Já se vão muitos anos em que comecei a perceber que as pessoas não têm interesse em saber de onde vieram, não se orgulham de seus sobrenomes (escrevi até um post recente sobre isso e que foi bem comentado!)

Então vale aqui uma reflexão: o Brasil é resultado de variadas imigrações. Muitas civilizações vieram para cá procurando trabalho, outras para dar vazão ao ímpeto de desbravar novas terras e isso provocou uma grande miscigenação.

Isso foi muito bom, na verdade podemos considerar uma verdadeira bênção pois dessa forma pudemos aprender tantas coisas, ampliar nossa visão de mundo, abrir os nossos horizontes, aprender novos hábitos e costumes que pertenciam a esses povos e eles dividiram com a gente.

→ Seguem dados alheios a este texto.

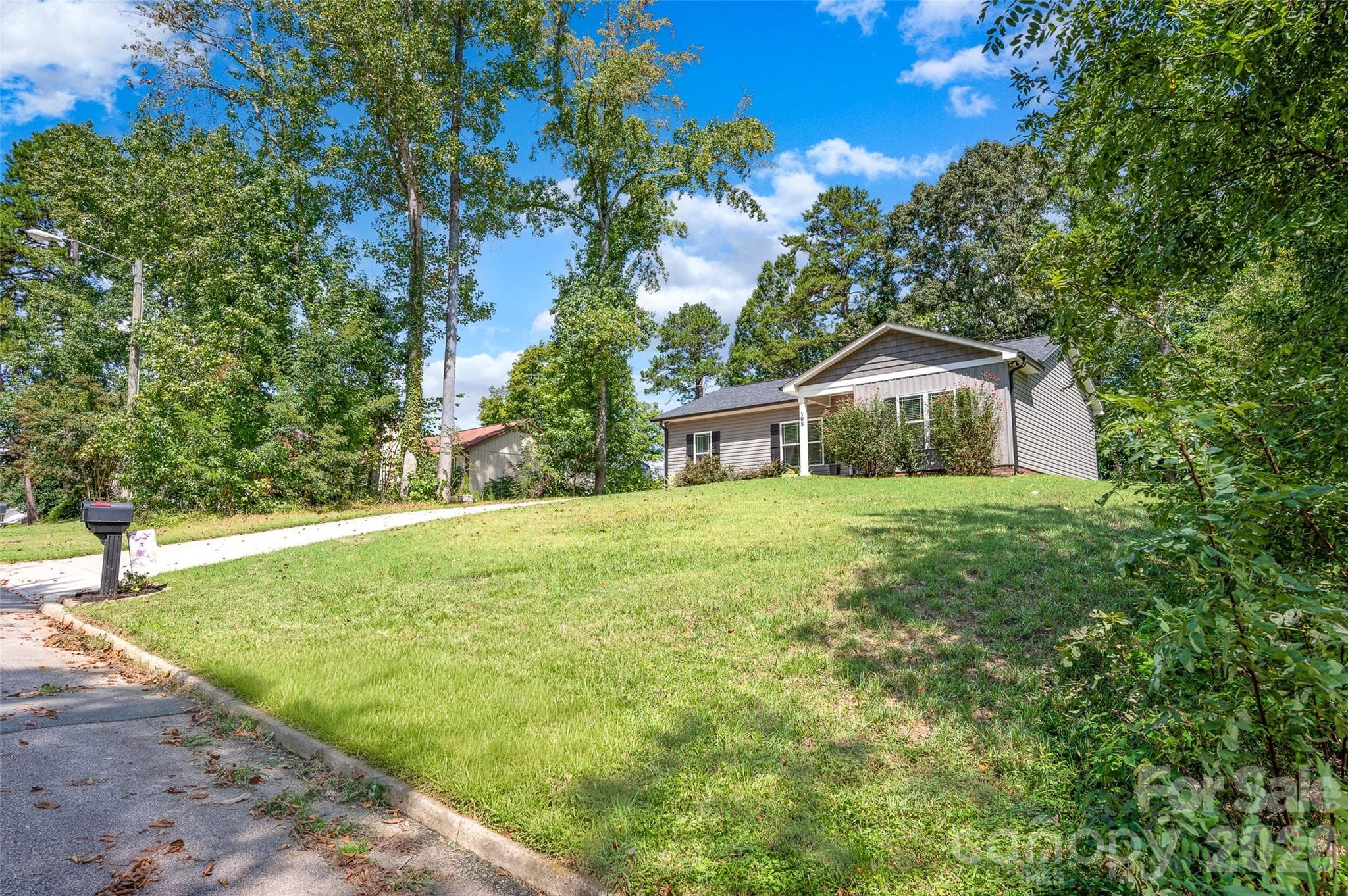 Single Family Residence at 508 Willow Road, Salisbury, photo 28 of 31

Árabes, sírios, libaneses (que nós chamávamos a todos de turcos!), armênios, italianos, japoneses, chineses, espanhóis, portugueses… cada um com suas riquezas e com suas diferenças educacionais, alimentares, gestuais, sociológicas, religiosas, morais etc. Bastava querer aprender, ser só um pouquinho curioso e prestar atenção na vizinhança.

Desde os anos 20, meus avós moravam na Bela Vista, um bairro formado por árabes, sírio-libaneses, franceses, alemães, ingleses e a convivência era muito compartilhada no dia-a-dia.

Lembro-me dos meus tempos de menino em que era muito comum frequentar a casa dos vizinhos, receber e visitar os amigos da vizinhança. Nossa! Eu adorava o sabor das comidas diferentes das que eu comia na minha casa e aprendia muita coisa só de observar os costumes, os trejeitos, as crenças.

Eu morei em um casarão na rua dos Franceses que abrigava pessoas de várias partes do mundo por toda a sua extensão até a Avenida Paulista. E ia distinguindo tantas coisas, aprendendo que o conhecimento podia se manifestar de várias formas, até no jeito como eu olhava para as pessoas.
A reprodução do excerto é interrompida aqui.